Organizações de defesa do bem-estar animal estão pedindo que o Senado Federal analise com urgência um Projeto de Lei (PL) que pode proibir a exportação de animais vivos por navio para abate no exterior.

O apelo foi feito nesta segunda-feira (26) através de uma carta endereçada ao presidente da casa, Rodrigo Pacheco (PSD-MG), depois que uma embarcação com 19 mil cabeças de gado proveniente do Brasil atracou na semana passada em Cidade do Cabo, levando um “fedor inimaginável” à localidade. Inspeção de uma entidade local revelou que havia animais doentes e mortos no navio, e fotos mostram bois cobertos de fezes e urina nas baias. A organização classificou o cenário encontrado como “abominável”.

Investigação da Repórter Brasil mostrou que o navio Al Kuwait saiu do Porto de Rio Grande, no Rio Grande do Sul, no dia 10 de fevereiro, carregando animais provenientes da Estancia del Sur, propriedade rural em Capão do Leão (RS). A família Pilz, que gerencia a fazenda, é também proprietária de um restaurante em Porto Alegre, a Parrilla del Sur, que serve carne na brasa preparada à moda uruguaia. Na ocasião, integrantes da família e os estabelecimentos não se manifestaram ao serem procurados pela reportagem.

Segundo dados do portal Vessel Finder, que oferece consulta pública e em tempo real à posição e rotas de navios, o Al Kuwait saiu do Porto de Rio Grande, no sul do Brasil, no dia 10 de fevereiro.

Neste mesmo dia, Vinícius Reiter Pilz, sócio da empresa Estancia del Sur, postou um vídeo do navio no linkedin e escreveu: “na última semana, carregamos 100% do Al Kuwait, o mais moderno e um dos maiores navios boiadeiros do mundo”. “Todos os suprimentos do navio foram vendidos pela Estancia del Sur”, completou. Fontes locais confirmaram à Repórter Brasil que a carga era proveniente desse produtor.

A Estância Del Sur tem sede em Capão do Leão, na região sul do Rio Grande do Sul.

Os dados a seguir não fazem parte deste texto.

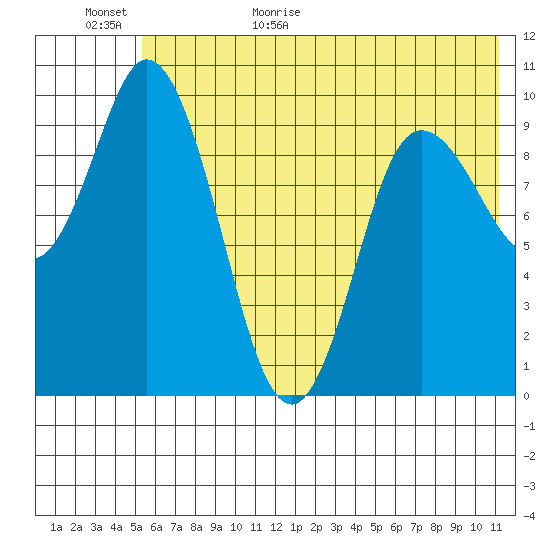 Trap Point tide chart for Tuesday, June 11, 2024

Em sua página do Instagram, é possível encontrar imagens de embarques anteriores de carga viva, além de frequentes anúncios de interesse em compras de “terneiros padrão exportação”.

A família Pilz é também proprietária de um famoso restaurante em Porto Alegre, a Parrilla del Sur, que serve carne na brasa preparada à moda uruguaia.

Procurado pela Repórter Brasil por meio de email, telefone seus e de suas empresas, Pilz não respondeu. A Parrilla del Sur tampouco se manifestou. O espaço permanece aberto para comentários.

Padrão exportação

O navio Al Kuwait seguiu para seu destino final no Iraque, na madrugada de quarta-feira (21). Segundo a plataforma Marine Traffic, que também fornece dados em tempo real dos navios, são pelo menos mais 13 dias de viagem até o porto de Umm Qasr, no Iraque, onde finalmente serão encaminhados para o abate.

“Cada boi produz em média 30 quilos de esterco por dia, mas sem ter como descartá-los, os animais têm que conviver com fezes e amônia, uma substância tóxica presente na urina”, explica George Sturaro, gerente de investigações da Mercy For Animals (MFA). Segundo ele, as principais causas de morte ao longo das viagens são infecções respiratórias e estresse térmico.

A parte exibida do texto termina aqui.